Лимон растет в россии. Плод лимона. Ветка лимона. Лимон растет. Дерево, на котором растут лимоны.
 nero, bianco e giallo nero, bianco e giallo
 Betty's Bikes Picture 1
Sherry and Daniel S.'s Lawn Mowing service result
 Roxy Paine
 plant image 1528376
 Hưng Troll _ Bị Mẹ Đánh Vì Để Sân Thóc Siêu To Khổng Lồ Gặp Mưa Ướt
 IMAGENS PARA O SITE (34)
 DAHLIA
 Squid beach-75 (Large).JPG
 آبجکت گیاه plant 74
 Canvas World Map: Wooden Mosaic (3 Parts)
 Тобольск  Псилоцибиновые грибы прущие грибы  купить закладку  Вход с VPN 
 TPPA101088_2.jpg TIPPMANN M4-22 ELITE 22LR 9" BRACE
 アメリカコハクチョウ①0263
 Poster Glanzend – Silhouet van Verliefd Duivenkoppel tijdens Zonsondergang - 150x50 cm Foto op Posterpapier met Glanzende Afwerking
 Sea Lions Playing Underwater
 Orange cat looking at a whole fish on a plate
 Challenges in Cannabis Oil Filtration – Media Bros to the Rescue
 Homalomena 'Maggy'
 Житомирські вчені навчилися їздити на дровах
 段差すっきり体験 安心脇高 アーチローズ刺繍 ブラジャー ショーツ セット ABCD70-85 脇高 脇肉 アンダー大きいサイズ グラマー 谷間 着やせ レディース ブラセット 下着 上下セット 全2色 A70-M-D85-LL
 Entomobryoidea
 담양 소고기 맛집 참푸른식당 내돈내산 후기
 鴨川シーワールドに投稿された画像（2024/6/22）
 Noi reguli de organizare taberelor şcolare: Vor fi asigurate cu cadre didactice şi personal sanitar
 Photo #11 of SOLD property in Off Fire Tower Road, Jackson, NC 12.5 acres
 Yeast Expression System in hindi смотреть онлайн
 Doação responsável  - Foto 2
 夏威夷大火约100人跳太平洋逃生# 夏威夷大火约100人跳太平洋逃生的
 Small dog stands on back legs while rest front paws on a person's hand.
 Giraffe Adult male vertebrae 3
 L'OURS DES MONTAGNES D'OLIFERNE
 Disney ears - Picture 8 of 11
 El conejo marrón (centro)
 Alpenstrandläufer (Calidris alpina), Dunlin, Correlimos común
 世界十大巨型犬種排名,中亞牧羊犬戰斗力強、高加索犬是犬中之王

- - -

## Your assignment
For the string "Picture", find every line of the material that contains it, and copy each one.

## Answer for the task
 Betty's Bikes Picture 1
 Disney ears - Picture 8 of 11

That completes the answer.